# Information given
○ ○ ○ ○

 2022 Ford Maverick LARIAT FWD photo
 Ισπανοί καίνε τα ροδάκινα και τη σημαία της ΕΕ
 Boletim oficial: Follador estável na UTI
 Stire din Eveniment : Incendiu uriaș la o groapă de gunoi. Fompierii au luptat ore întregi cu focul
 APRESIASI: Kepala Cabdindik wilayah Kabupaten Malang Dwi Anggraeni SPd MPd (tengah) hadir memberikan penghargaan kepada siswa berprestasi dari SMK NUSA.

○ ○ ○ ○

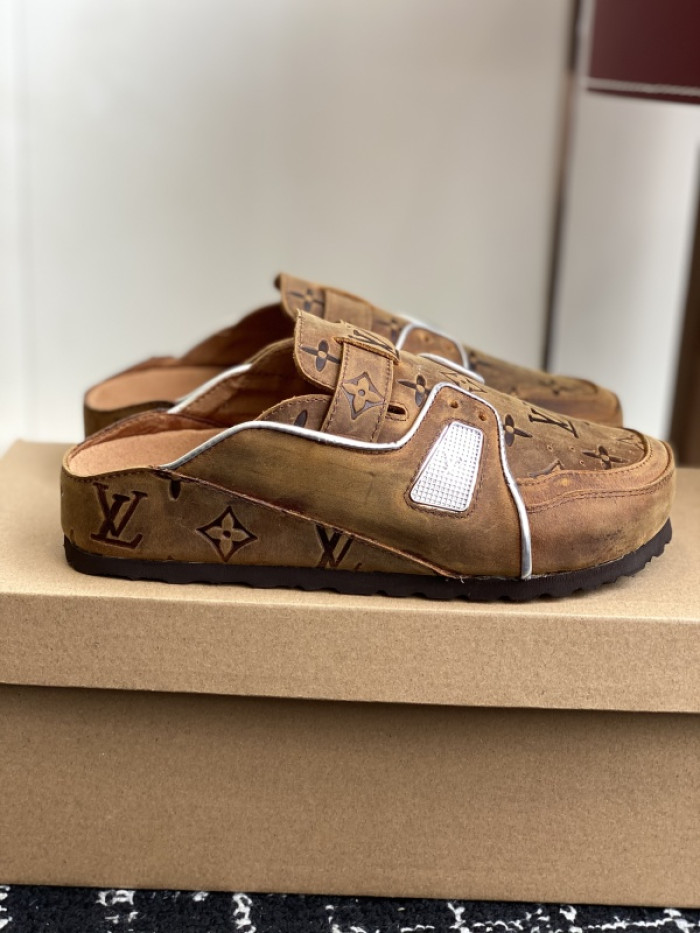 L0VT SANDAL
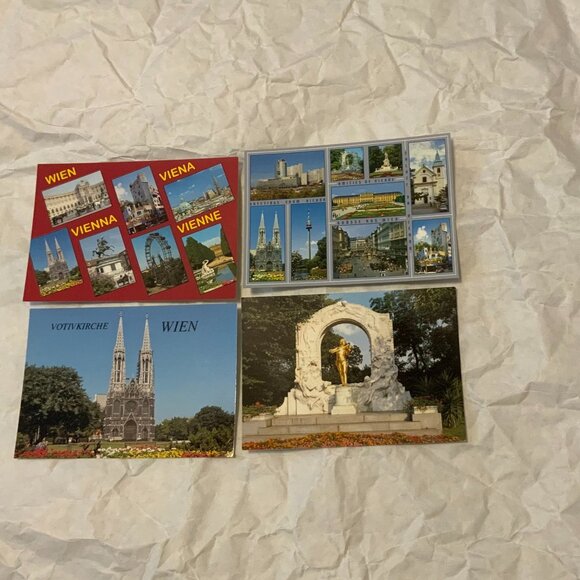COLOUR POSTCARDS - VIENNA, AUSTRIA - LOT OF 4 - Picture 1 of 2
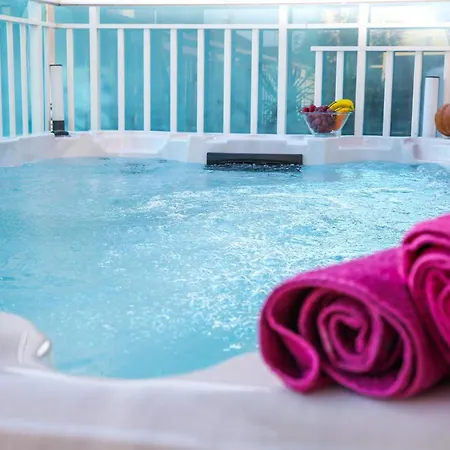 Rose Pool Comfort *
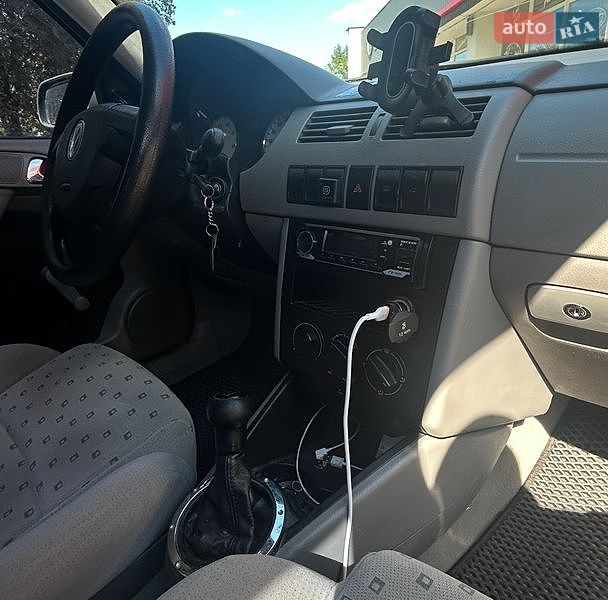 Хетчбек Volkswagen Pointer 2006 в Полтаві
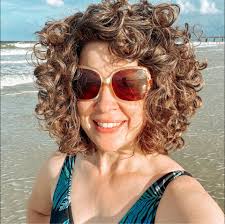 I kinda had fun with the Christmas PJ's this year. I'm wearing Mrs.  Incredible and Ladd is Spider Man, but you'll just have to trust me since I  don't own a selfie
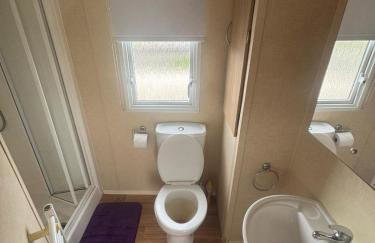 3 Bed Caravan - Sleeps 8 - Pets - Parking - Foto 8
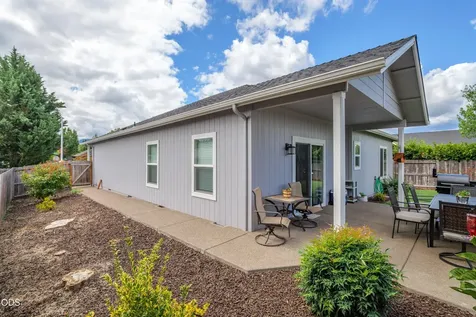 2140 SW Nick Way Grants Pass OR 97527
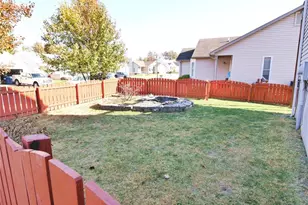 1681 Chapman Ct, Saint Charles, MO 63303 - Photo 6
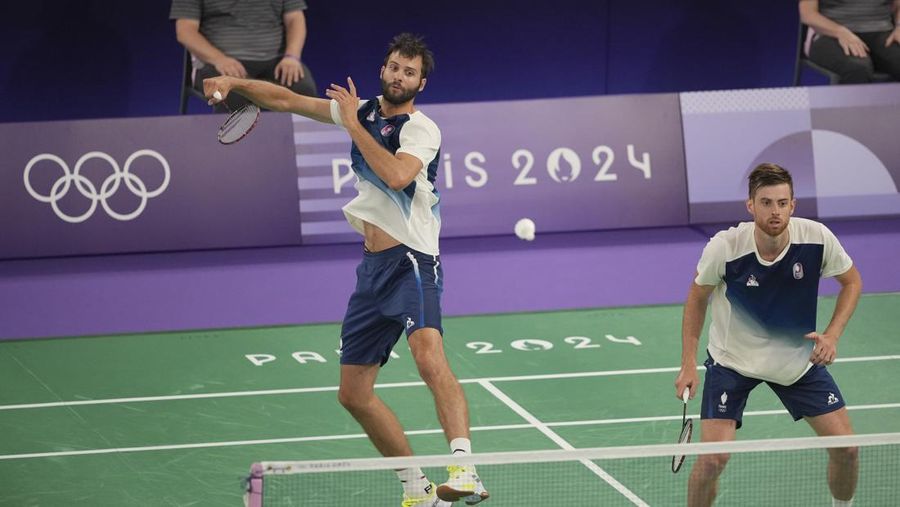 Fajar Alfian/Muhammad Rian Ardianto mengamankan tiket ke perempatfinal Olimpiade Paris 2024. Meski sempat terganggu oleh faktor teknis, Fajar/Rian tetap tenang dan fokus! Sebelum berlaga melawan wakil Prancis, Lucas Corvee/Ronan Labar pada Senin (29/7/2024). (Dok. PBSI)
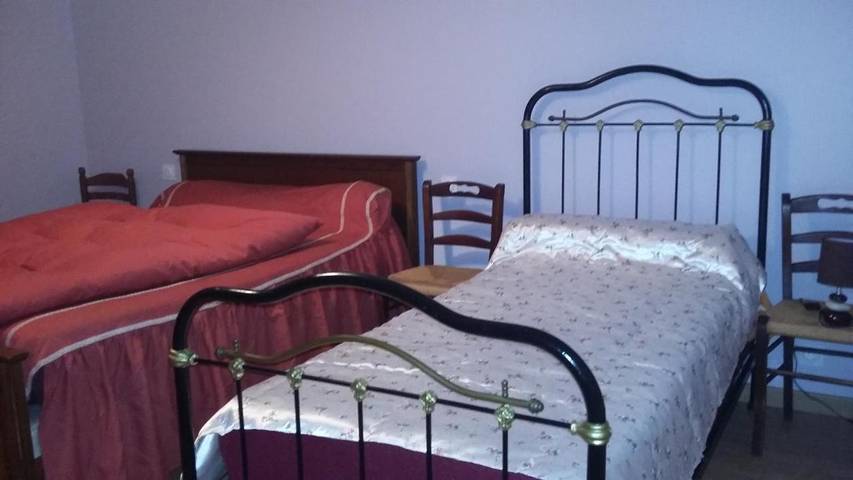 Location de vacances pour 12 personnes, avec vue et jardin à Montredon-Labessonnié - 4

○ ○ ○ ○

# Work to be completed
Only one stretch of the listing is wanted: the lines starting at the one with "Хетчбек Volkswagen Pointer 2006 в Полтаві" and ending at the one with "1681 Chapman Ct, Saint", copied exactly and free of pictures.

# Exercise answer
 Хетчбек Volkswagen Pointer 2006 в Полтаві
 I kinda had fun with the Christmas PJ's this year. I'm wearing Mrs.  Incredible and Ladd is Spider Man, but you'll just have to trust me since I  don't own a selfie
 3 Bed Caravan - Sleeps 8 - Pets - Parking - Foto 8
 2140 SW Nick Way Grants Pass OR 97527
 1681 Chapman Ct, Saint Charles, MO 63303 - Photo 6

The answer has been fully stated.